One important point you're definitely making an effort with but still do need to work on is maintaining a simple sausage form. The key here, as described in this section of the instructions, is that every sausage form must match specific criteria:

  • Both ends must be spheres of the same size - watch for situations where they are of different sizes. We also want to avoid any situations where they're not spherical, though you don't seem to have any such cases, which is good, as it's a common issue among other students.

  • We want to avoid any pinching or swelling through the midsection of the form, sticking to a simple tube that maintains a consistent width throughout its length.

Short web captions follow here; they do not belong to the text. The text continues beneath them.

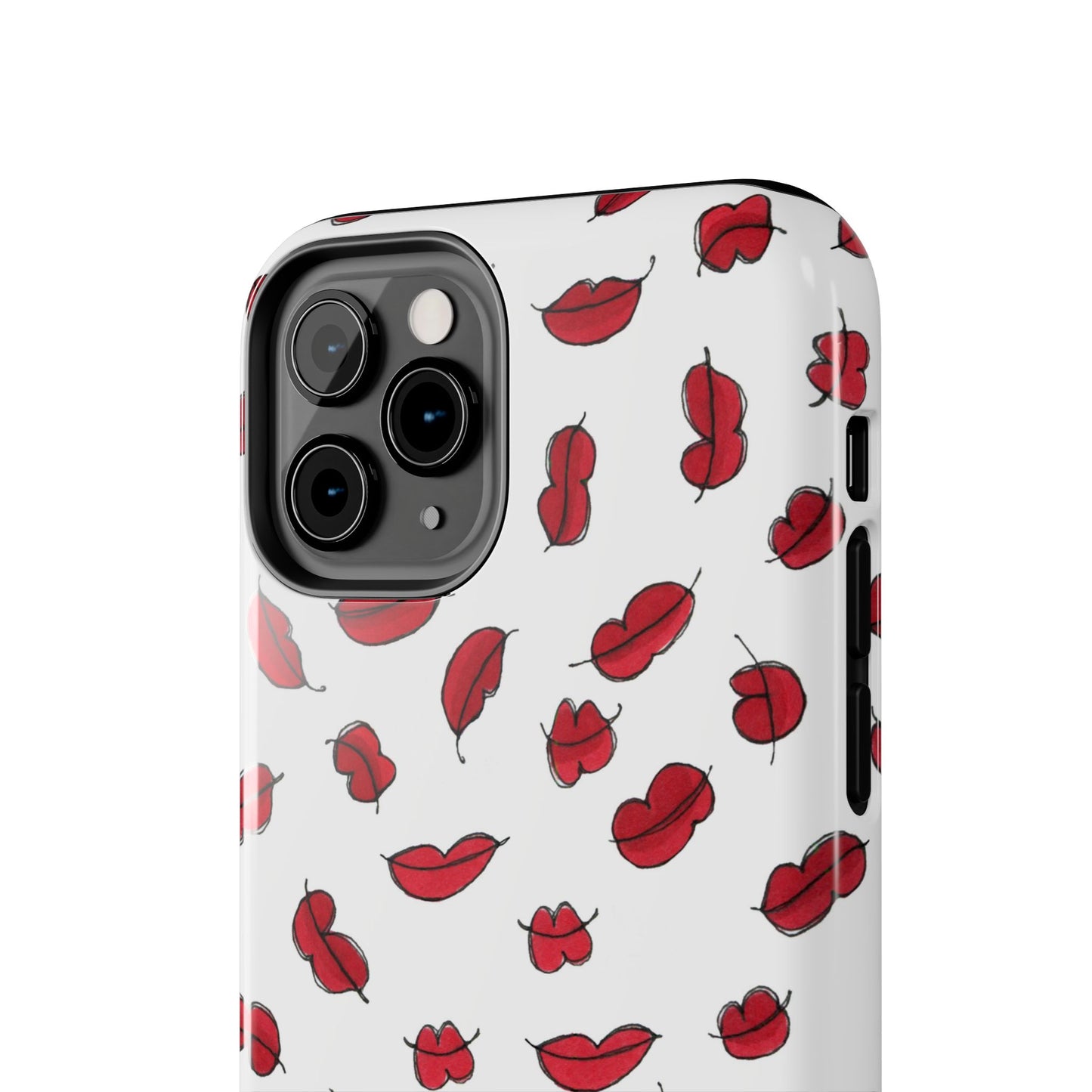 Lotsa Lips White Phone Case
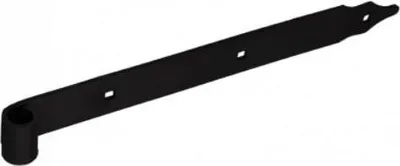 Produktbild von Ladenband, gerade, Abschluss abgerundet 300mm schwarz dekorativ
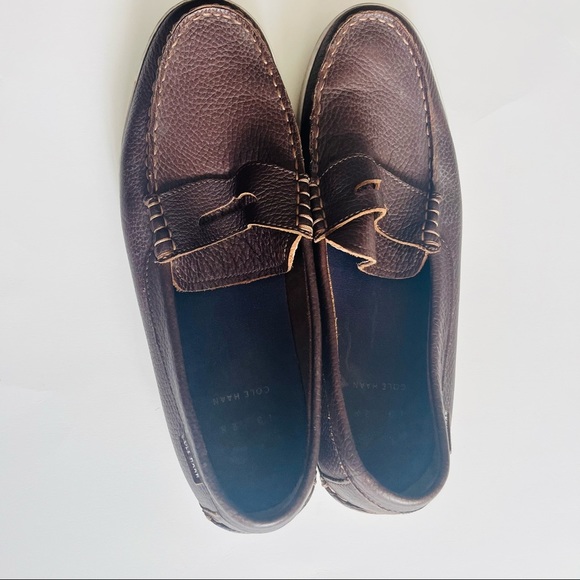 Cole Haan Nantucket Penny Loafers, Dark Brown Leather. Mens size 13 main image 8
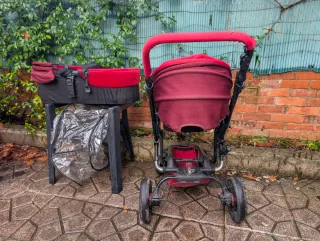 Carrito de bebe Jane Rider trio, 3 en 1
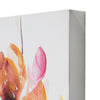 Watercolor Plum & Earth Flowers Embellished Canvas Art Print - 24"x36"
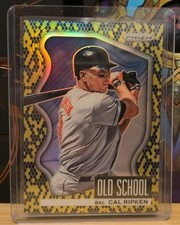 2022 Panini Prizm - Old School Cal Ripken #OS-5 Snake Skin Prizm 24/50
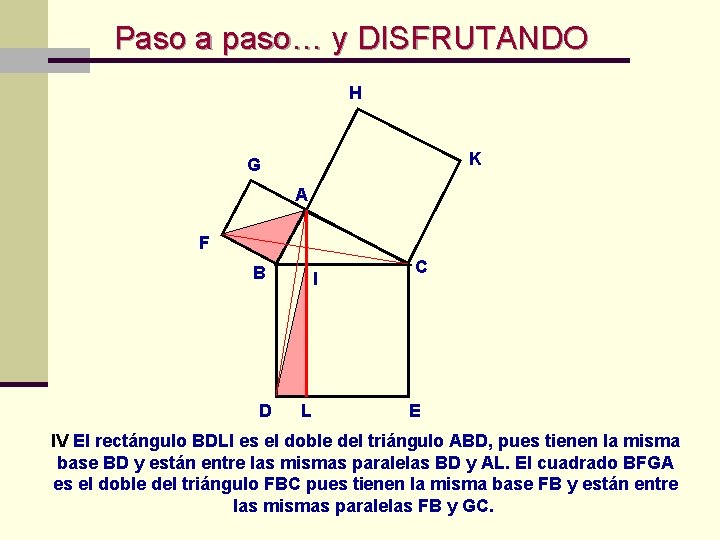 Paso a paso… y DISFRUTANDO H K G A F B D I Paso a paso… y DISFRUTANDO H K G A F B D I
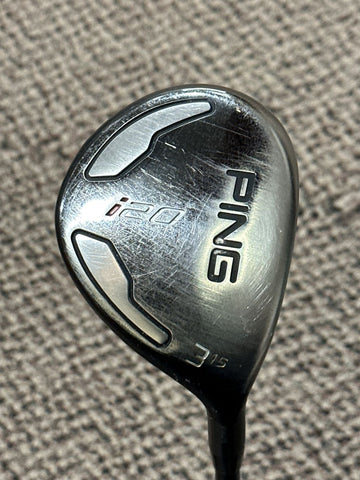 Ping i20 15° 3 Wood TFC707F Stiff Flex Shaft Ping Grip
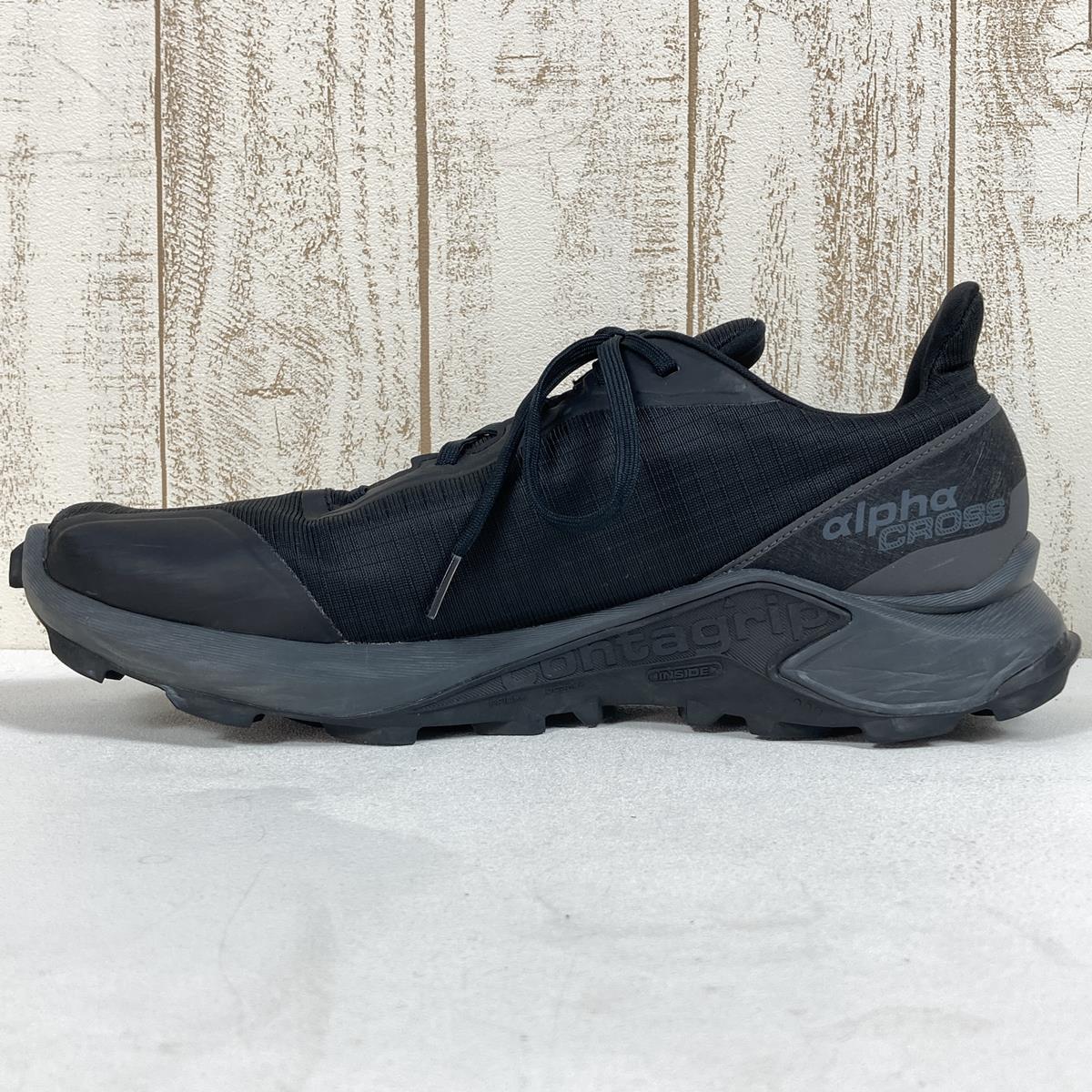 【MEN's 28.0cm】 サロモン アルファクロス ゴアテックス ALPHACROSS GORE-TEX トレイルランニングシューズ SALOMON L40805100 ブラック系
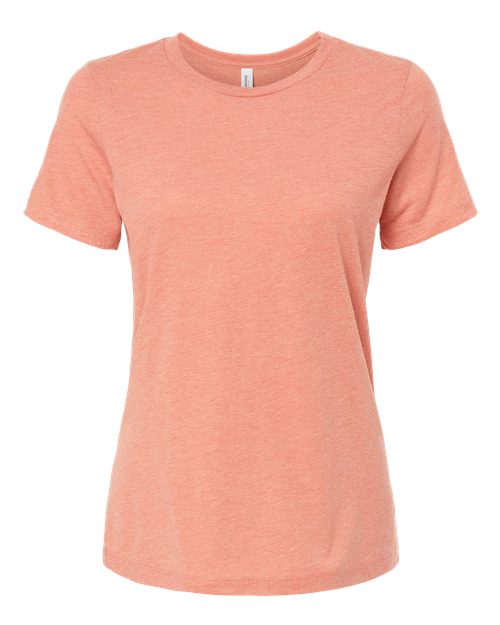 BELLA + CANVAS® Women's Relaxed Fit Crewneck Short Sleeve Triblend Tee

One might ask why we want to keep our sausages to being two equally sized spheres connected by a tube of consistent width. It's because this 'simplicity' helps to establish the illusion that the form itself is solid and believable. As we get into constructional drawing, we learn to build things up from simple forms because they're the easiest to make solid. As we combine more and more simple forms, we can develop greater complexity overall, but without losing that illusion of solidity. Instead, if we make our base constructional forms more complex, it becomes much more difficult to maintain the illusion that what we're drawing is actually three dimensional and not just a series of lines on a page.

Moving onto your texture analyses, I can see a great deal of time and effort going into studying your textures, and taking notes. Overall you've done a pretty good job of focusing wholly on shadow shapes, and working on reducing your reliance on the use of outlines when implying the presence of textural forms. I do think that there is room for improvement (which will come with practice) when it comes to the observation side of things - that is, identifying specific pieces of information to transfer over into your drawing, and relying as little as possible on memory (going back to look at your reference over and over, only looking away for long enough to put down one specific mark at a time). You're demonstrating pretty solid observational skills for the initial study (the leftmost square of each row), but you end up relying more on memory when working on the density gradient.

You're continuing on the trend of your work coming along nicely through the dissections. I do think that maybe drawing your sausages bigger (with perhaps fewer of them spread out across the page) would have allowed you to dig a little better into each individual texture. When we force ourselves to work within a really small space, it can be much more difficult to engage the part of our brain that we rely upon for spatial reasoning, so working bigger is an easy way to help give ourselves all the tools we need.

I have to say, I really liked the message you wrote to yourself on the top right of the first page for this exercise - "It's not a test, relax Ray!" is spot on.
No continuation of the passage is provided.